§ **Information supplied**:
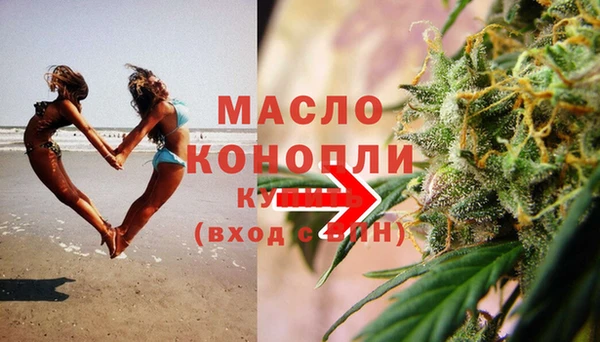 метамфетамин Верхний Тагил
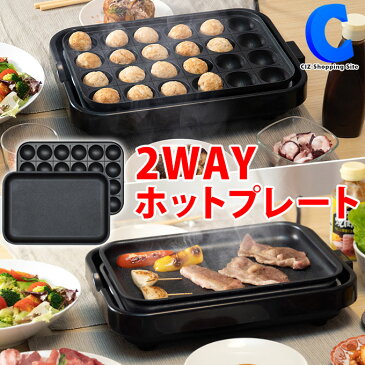 ホットプレート たこ焼きプレート付き 2WAYクッキングプレート HT-551 長方形 ブラック たこ焼き器 外して洗える 卓上 一人用 二人用 一人暮らし 二人暮らし ホームパーティー 宅飲み おうち時間 キッチン 調理家電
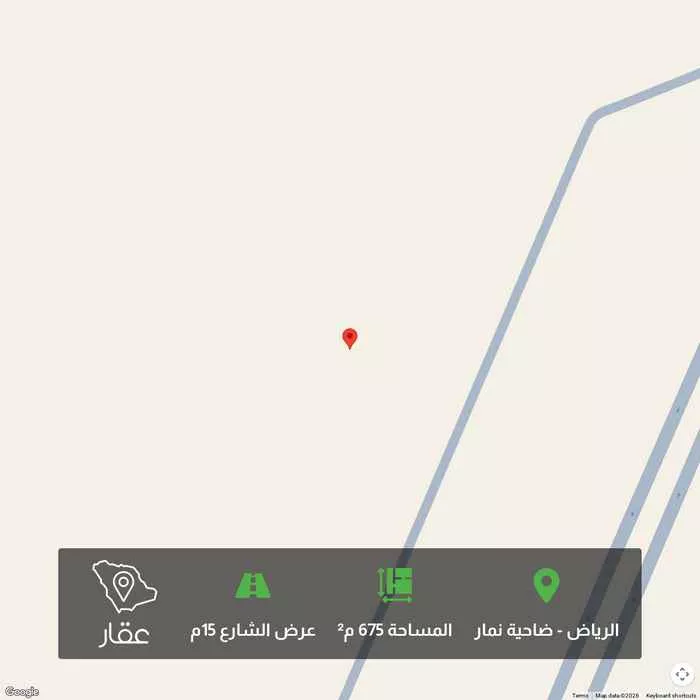 أرض 675 م² في ضاحية نمار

§ **Work request**: Full transcription of the material, exact in every line, without images.

§ **Your solution**:
 метамфетамин Верхний Тагил
 ホットプレート たこ焼きプレート付き 2WAYクッキングプレート HT-551 長方形 ブラック たこ焼き器 外して洗える 卓上 一人用 二人用 一人暮らし 二人暮らし ホームパーティー 宅飲み おうち時間 キッチン 調理家電
 أرض 675 م² في ضاحية نمار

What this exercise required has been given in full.